Appraisal text scanning is a process of scanning or reviewing appraisal reports for words or phrases specifically related to race, ethnicity, and/or religion that demonstrate appraisal bias or, at the very least, undermine the credibility of an appraisal by implying that demographics influenced the outcome of the appraisal (whether or not the appraiser intentionally factored race, gender, or other protected class information into the valuation).
In 2021, Fannie Mae initiated an appraisal text scanning process. Among other terminology, the process specifically searches for terms and phrases like:
• "pride of ownership," "no pride of ownership," and "lack of pride of ownership";
• "poor neighborhood";
• "good neighborhood";
• "crime-ridden area";
• "desirable neighborhood or location"; or
• "undesirable neighborhood or location";
Since initiating the appraisal text scanning process, Fannie Mae sent over 1,500 letters to appraisers advising them of potential discriminatory bias findings and reminding them that the use of the subjective phrases or terms may evidence non-objective valuations.

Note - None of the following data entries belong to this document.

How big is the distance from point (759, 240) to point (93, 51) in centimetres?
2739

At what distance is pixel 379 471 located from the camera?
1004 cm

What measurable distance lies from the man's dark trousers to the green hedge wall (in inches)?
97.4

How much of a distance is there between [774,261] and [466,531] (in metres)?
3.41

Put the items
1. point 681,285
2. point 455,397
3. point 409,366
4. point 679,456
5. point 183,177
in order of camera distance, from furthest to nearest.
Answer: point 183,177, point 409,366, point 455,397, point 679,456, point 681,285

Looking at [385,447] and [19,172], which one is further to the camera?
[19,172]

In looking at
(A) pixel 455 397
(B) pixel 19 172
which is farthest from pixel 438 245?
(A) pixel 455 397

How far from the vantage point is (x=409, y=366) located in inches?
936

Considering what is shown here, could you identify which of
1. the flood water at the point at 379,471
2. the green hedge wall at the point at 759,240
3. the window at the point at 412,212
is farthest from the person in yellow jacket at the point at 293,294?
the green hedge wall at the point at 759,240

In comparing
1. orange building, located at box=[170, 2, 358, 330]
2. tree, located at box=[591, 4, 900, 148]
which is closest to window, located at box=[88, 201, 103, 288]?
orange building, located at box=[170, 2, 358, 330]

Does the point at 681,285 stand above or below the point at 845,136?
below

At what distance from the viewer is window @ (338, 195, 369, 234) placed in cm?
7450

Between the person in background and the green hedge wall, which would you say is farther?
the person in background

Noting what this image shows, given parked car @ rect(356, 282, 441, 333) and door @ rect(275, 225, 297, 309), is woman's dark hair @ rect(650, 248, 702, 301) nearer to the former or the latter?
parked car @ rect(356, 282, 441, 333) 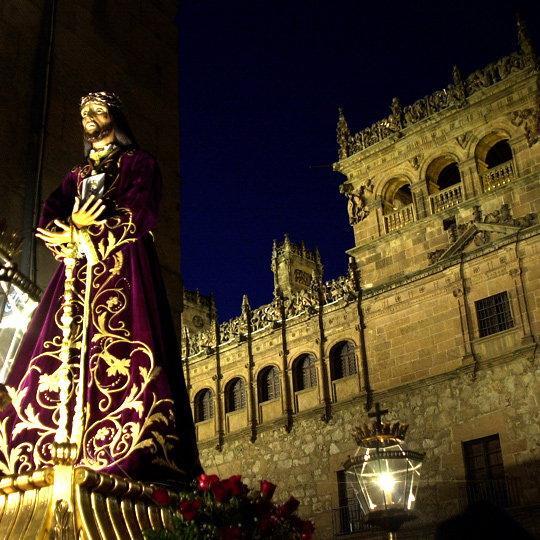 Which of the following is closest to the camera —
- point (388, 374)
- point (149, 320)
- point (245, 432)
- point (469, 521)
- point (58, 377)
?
point (58, 377)

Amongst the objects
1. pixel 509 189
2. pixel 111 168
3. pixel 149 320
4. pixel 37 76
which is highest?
pixel 509 189

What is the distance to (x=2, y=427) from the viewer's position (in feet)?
13.4

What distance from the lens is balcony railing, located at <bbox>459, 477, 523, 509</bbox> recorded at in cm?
1675

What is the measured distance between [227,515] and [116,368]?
1.19 m

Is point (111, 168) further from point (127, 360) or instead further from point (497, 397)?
point (497, 397)

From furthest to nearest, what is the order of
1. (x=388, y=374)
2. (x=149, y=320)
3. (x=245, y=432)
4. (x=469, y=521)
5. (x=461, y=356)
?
(x=245, y=432), (x=388, y=374), (x=461, y=356), (x=469, y=521), (x=149, y=320)

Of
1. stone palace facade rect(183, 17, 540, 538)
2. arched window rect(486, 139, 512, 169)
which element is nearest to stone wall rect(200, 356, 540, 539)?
stone palace facade rect(183, 17, 540, 538)

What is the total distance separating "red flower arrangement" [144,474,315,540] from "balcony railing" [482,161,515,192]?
57.0 ft

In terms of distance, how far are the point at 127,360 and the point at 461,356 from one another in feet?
51.1

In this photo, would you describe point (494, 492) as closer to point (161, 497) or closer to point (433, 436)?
point (433, 436)

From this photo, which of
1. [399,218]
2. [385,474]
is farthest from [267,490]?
[399,218]

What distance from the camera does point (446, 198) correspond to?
20891 millimetres

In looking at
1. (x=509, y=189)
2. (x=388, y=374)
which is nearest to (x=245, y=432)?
(x=388, y=374)

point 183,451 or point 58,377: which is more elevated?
point 58,377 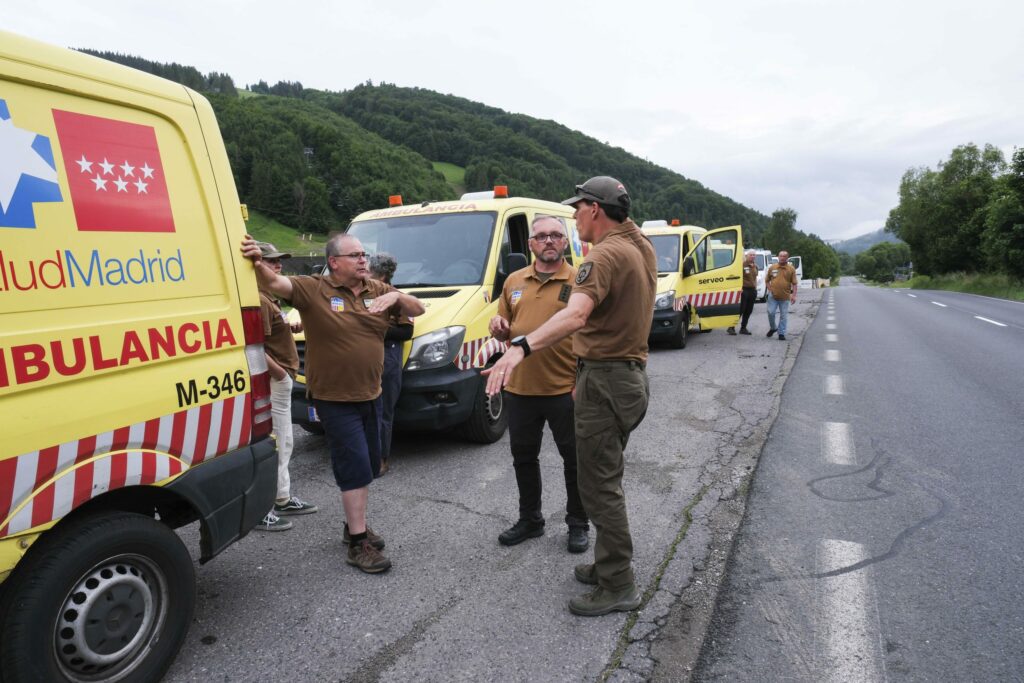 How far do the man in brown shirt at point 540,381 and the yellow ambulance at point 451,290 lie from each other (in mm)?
1393

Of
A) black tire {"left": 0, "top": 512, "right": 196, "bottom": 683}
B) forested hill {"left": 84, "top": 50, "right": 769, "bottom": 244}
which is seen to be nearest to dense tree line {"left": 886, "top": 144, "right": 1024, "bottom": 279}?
forested hill {"left": 84, "top": 50, "right": 769, "bottom": 244}

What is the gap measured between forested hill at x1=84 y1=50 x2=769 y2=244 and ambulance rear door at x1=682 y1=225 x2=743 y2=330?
39628 millimetres

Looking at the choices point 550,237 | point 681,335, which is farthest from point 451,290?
point 681,335

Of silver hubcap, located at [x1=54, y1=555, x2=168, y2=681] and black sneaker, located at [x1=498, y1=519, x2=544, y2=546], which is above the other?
silver hubcap, located at [x1=54, y1=555, x2=168, y2=681]

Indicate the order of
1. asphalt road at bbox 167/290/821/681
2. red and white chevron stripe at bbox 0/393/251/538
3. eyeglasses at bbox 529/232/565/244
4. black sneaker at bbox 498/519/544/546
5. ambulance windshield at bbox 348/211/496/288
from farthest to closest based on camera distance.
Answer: ambulance windshield at bbox 348/211/496/288 < black sneaker at bbox 498/519/544/546 < eyeglasses at bbox 529/232/565/244 < asphalt road at bbox 167/290/821/681 < red and white chevron stripe at bbox 0/393/251/538

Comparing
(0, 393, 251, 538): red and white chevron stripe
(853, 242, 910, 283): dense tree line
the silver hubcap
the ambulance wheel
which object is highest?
(0, 393, 251, 538): red and white chevron stripe

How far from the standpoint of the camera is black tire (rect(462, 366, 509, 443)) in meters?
5.42

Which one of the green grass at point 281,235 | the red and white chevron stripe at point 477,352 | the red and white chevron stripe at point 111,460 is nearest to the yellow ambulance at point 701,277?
the red and white chevron stripe at point 477,352

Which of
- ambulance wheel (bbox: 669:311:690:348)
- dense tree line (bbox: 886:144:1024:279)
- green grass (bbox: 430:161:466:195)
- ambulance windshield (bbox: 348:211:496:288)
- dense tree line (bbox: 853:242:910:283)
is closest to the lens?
ambulance windshield (bbox: 348:211:496:288)

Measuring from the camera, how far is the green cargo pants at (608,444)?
2922 millimetres

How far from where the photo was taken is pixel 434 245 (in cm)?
587

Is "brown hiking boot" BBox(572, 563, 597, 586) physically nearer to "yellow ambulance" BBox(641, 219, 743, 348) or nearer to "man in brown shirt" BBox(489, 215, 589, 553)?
"man in brown shirt" BBox(489, 215, 589, 553)

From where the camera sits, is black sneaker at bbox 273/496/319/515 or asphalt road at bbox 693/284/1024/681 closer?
asphalt road at bbox 693/284/1024/681

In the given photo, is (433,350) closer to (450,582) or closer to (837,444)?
(450,582) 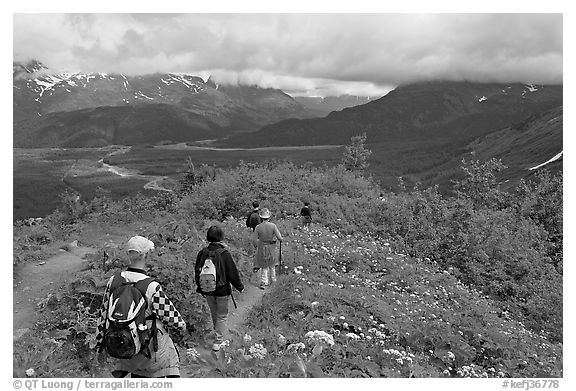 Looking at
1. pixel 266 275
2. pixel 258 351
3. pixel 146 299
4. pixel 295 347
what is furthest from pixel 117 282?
pixel 266 275

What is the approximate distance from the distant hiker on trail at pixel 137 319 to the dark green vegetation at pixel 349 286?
170cm

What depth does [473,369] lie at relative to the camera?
328 inches

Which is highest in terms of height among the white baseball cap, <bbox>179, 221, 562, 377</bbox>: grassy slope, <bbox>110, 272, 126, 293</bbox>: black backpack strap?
the white baseball cap

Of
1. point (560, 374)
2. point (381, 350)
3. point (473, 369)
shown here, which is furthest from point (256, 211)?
point (560, 374)

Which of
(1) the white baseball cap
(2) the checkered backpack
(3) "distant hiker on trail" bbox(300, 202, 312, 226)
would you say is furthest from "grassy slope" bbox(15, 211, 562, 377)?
(3) "distant hiker on trail" bbox(300, 202, 312, 226)

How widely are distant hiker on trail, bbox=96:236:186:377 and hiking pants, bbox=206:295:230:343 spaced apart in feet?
6.81

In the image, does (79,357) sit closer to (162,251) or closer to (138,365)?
(138,365)

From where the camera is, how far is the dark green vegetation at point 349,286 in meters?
7.86

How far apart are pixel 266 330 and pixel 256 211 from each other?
620 cm

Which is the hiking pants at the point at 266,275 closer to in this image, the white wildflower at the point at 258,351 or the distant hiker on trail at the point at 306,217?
the white wildflower at the point at 258,351

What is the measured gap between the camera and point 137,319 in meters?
5.44

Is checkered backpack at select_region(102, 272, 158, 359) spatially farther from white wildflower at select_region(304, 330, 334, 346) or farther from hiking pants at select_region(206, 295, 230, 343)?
white wildflower at select_region(304, 330, 334, 346)

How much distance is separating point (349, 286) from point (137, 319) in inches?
266

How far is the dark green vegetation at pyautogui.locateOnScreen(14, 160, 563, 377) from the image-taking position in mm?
7863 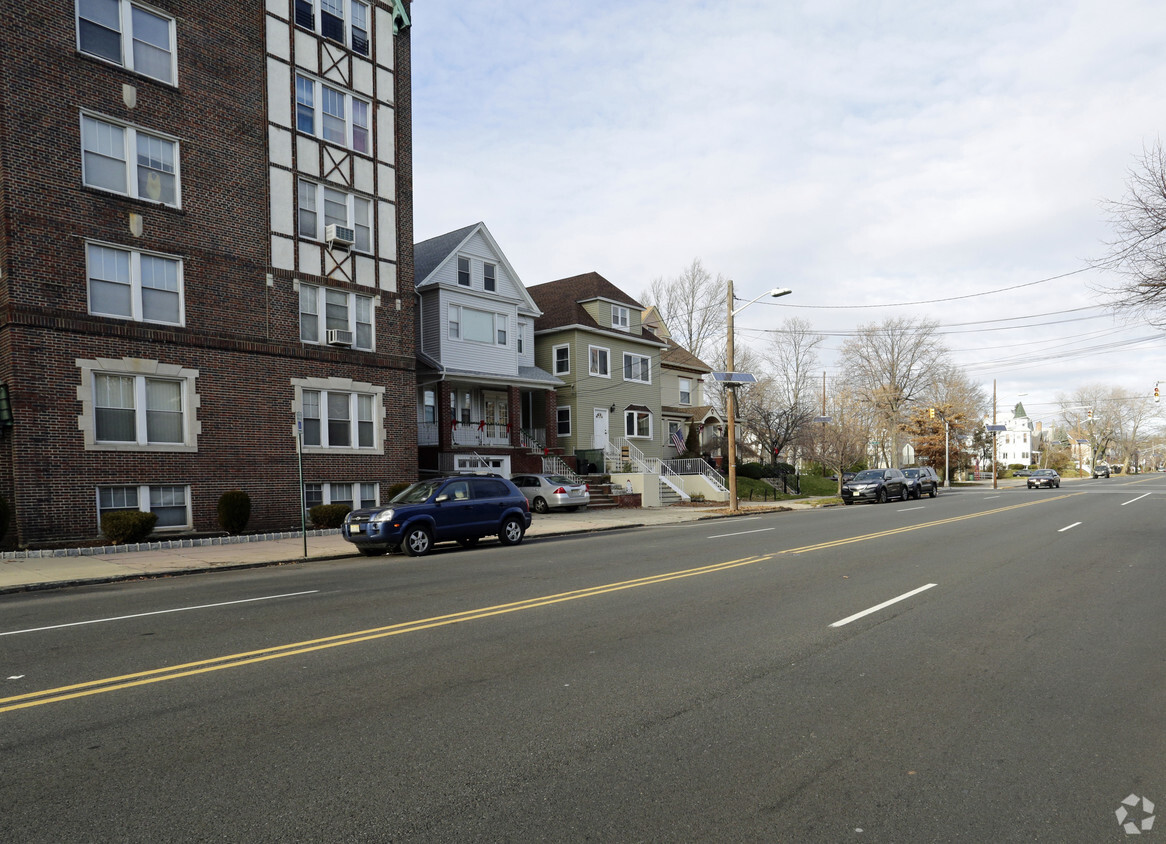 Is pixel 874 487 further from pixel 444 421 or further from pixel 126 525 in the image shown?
pixel 126 525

In April 2023, Fannie Mae published a blog post, “How We Manage Appraisal Quality”, highlighting its text scanning efforts and indicating performance improvements in 2022 as compared to 2021. However, the blog also indicated Fannie Mae sent 20 referral letters to state regulatory agencies based on identified egregious appraisal issues. Further, Fannie Mae advised it will continue to enhance its appraisal text scanning review process, including establishing a regular cadence of scanning, to help further minimize appraisal bias.
Mortgage lenders should be aware of the types of terms and terminology that may undermine the credibility of an appraisal and train their underwriters or other appraisal review staff accordingly.